**EXERCISE BRIEF**
Give back the exact lines of the material below from the one containing "Spiritual Meaning Of" through the one containing "Giorgetti - Calathea Small Armchair", and no pictures.

**RECORDS**
◆ ◆ ◆ ◆ ◆ ◆ ◆

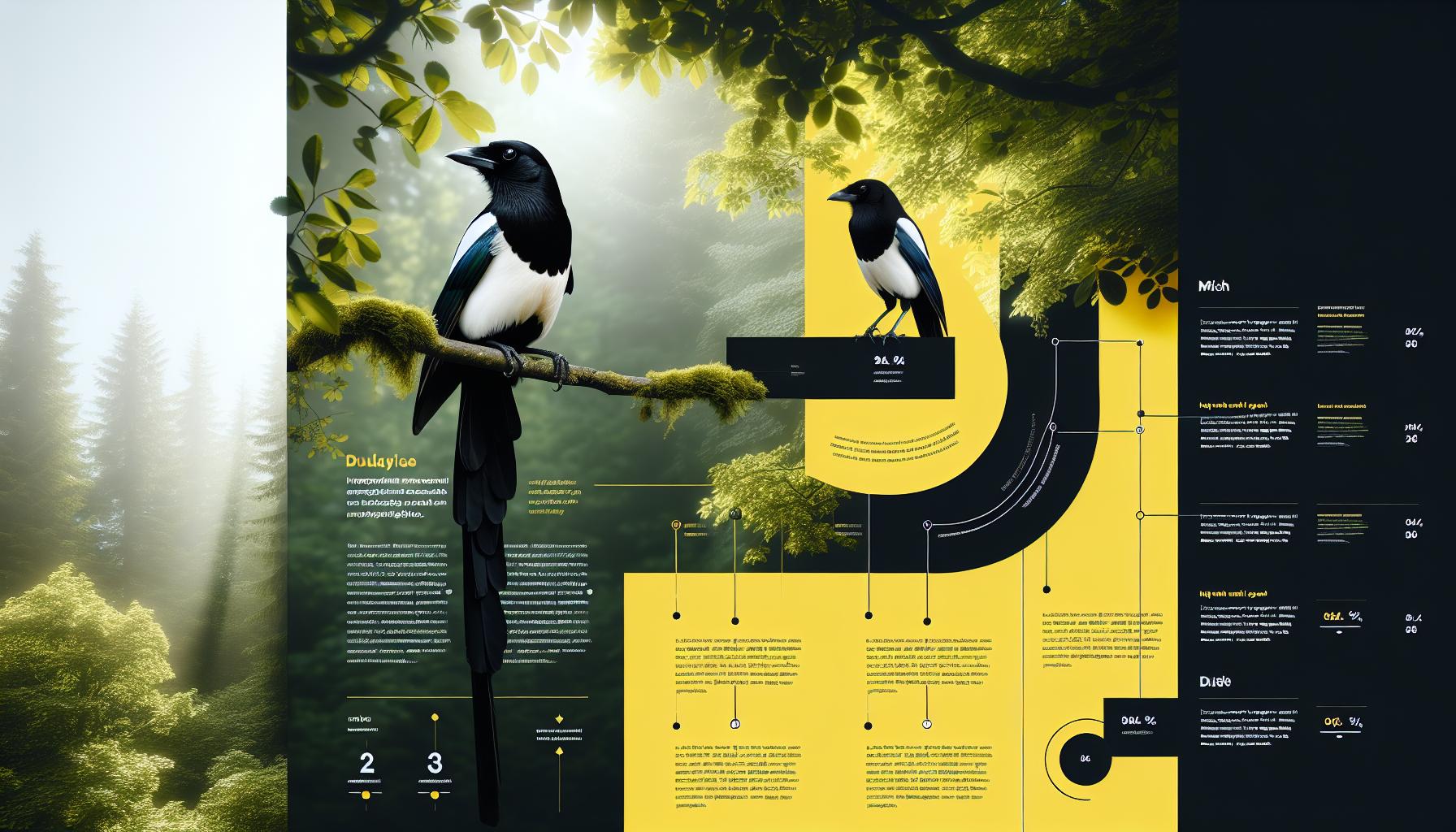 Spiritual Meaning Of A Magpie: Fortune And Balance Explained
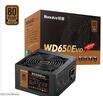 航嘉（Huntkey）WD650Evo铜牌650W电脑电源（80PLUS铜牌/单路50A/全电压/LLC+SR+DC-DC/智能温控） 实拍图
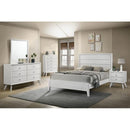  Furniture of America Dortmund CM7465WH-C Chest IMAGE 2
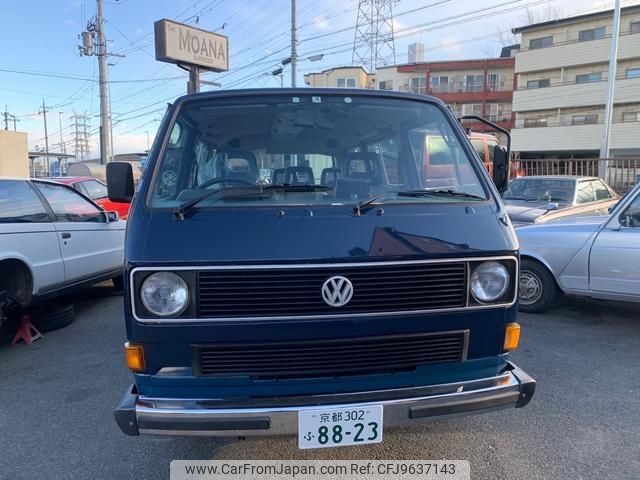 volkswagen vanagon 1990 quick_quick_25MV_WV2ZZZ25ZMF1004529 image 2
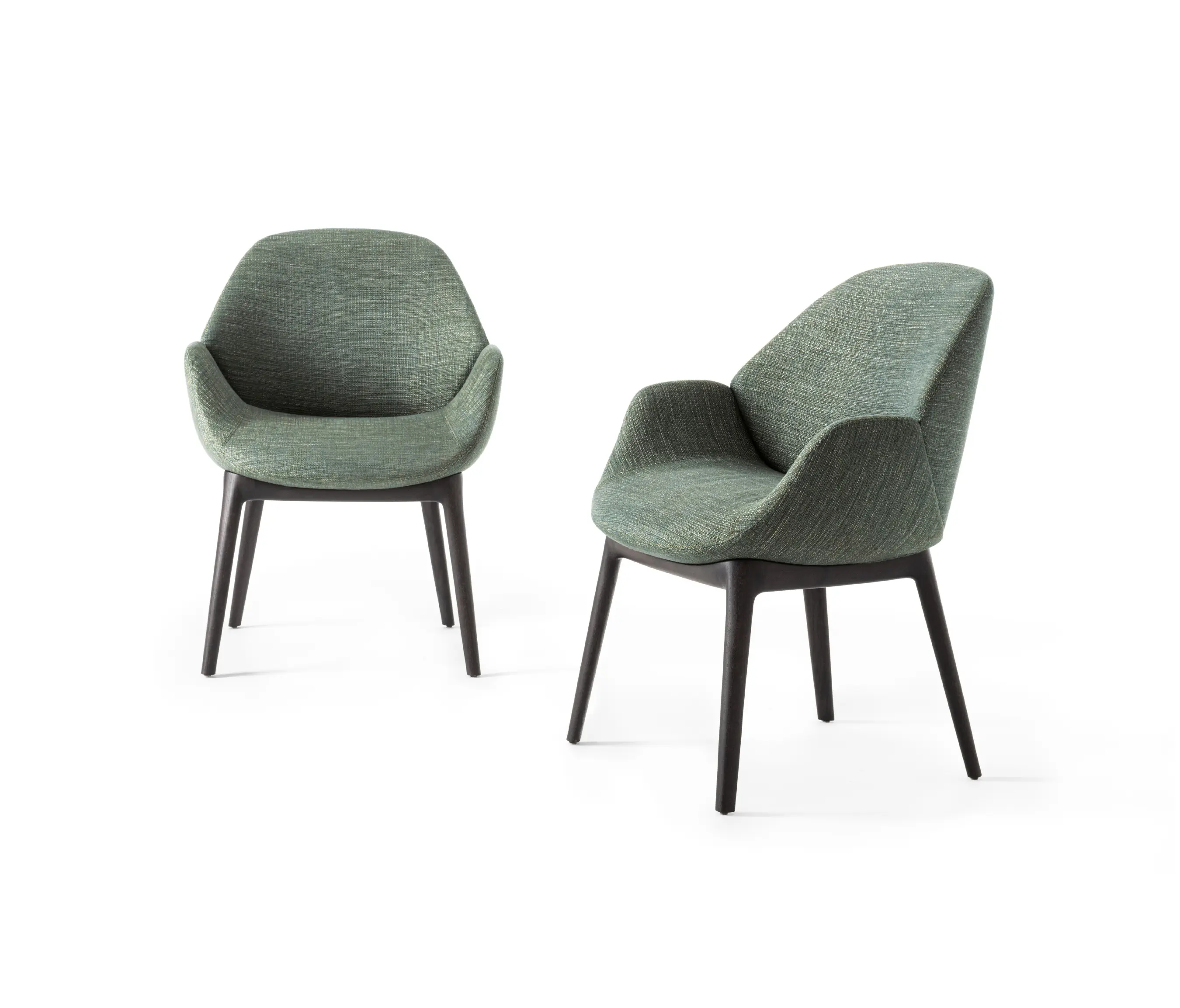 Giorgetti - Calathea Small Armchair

◆ ◆ ◆ ◆ ◆ ◆ ◆

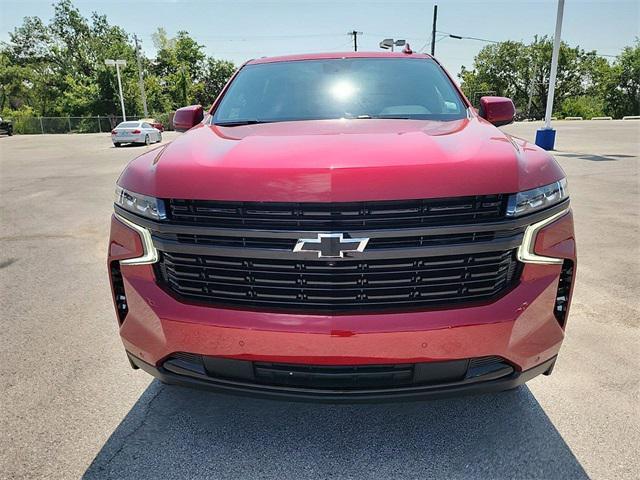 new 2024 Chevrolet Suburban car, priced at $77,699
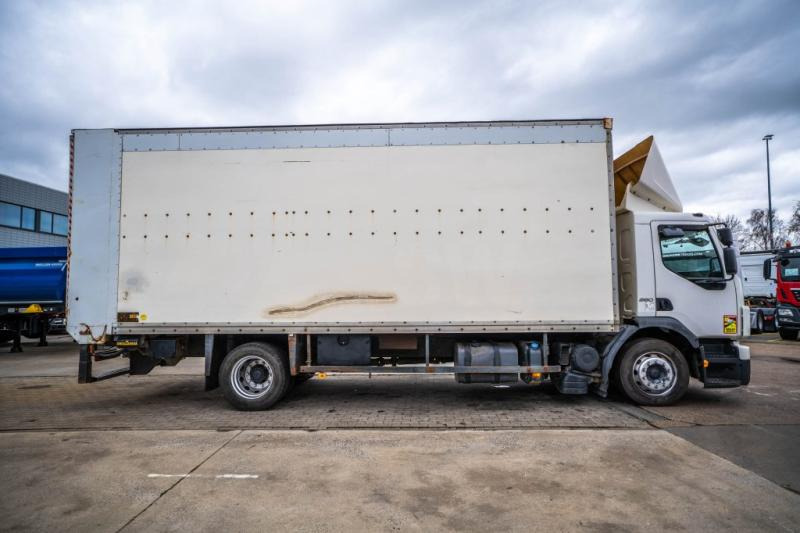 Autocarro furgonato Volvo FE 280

◆ ◆ ◆ ◆ ◆ ◆ ◆

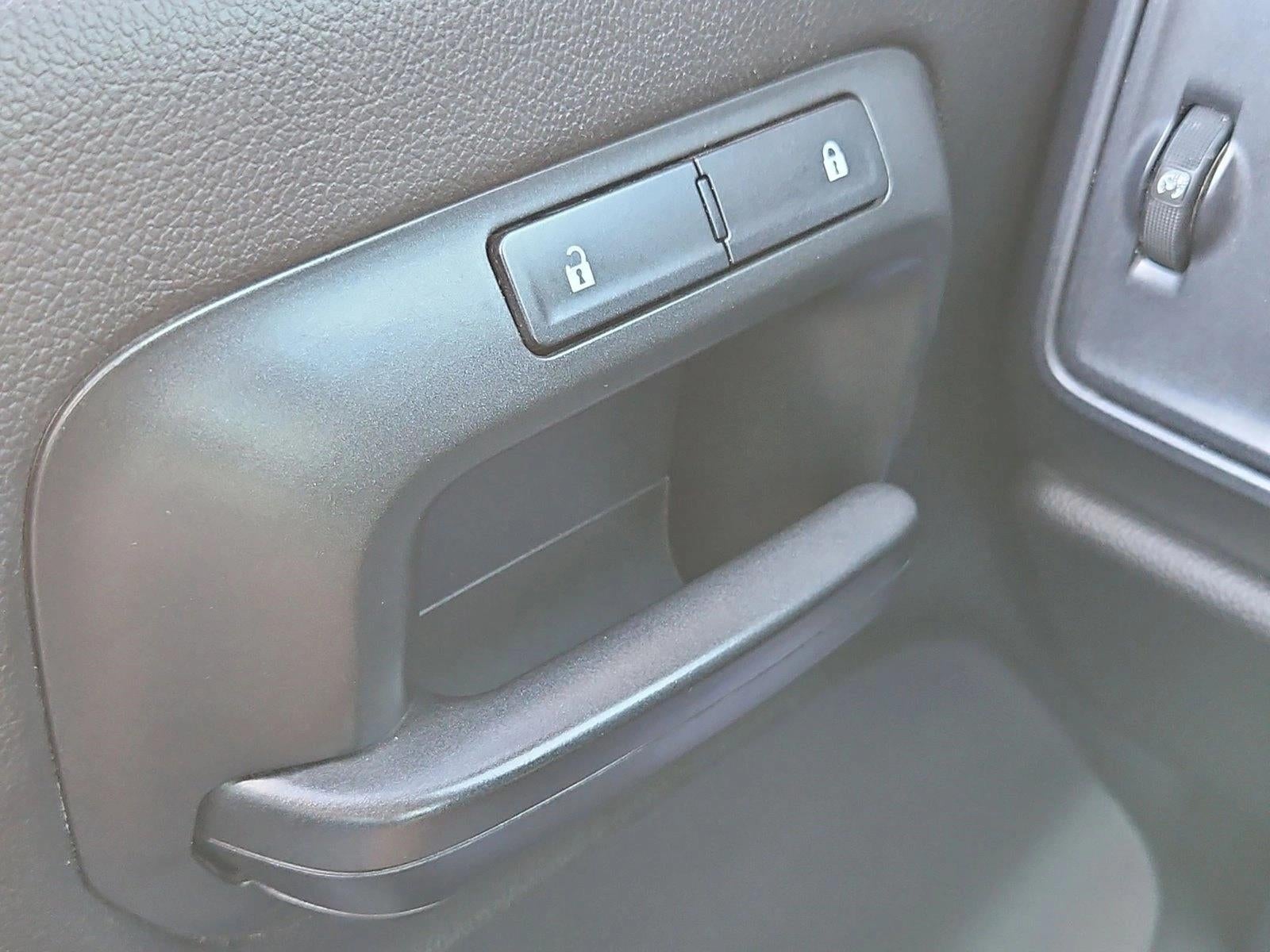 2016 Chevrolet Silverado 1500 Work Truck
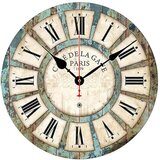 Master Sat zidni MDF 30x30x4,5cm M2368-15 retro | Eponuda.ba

◆ ◆ ◆ ◆ ◆ ◆ ◆

**SOLUTION FOR THIS TASK**
 Spiritual Meaning Of A Magpie: Fortune And Balance Explained
 航嘉（Huntkey）WD650Evo铜牌650W电脑电源（80PLUS铜牌/单路50A/全电压/LLC+SR+DC-DC/智能温控） 实拍图
  Furniture of America Dortmund CM7465WH-C Chest IMAGE 2
 volkswagen vanagon 1990 quick_quick_25MV_WV2ZZZ25ZMF1004529 image 2
 Giorgetti - Calathea Small Armchair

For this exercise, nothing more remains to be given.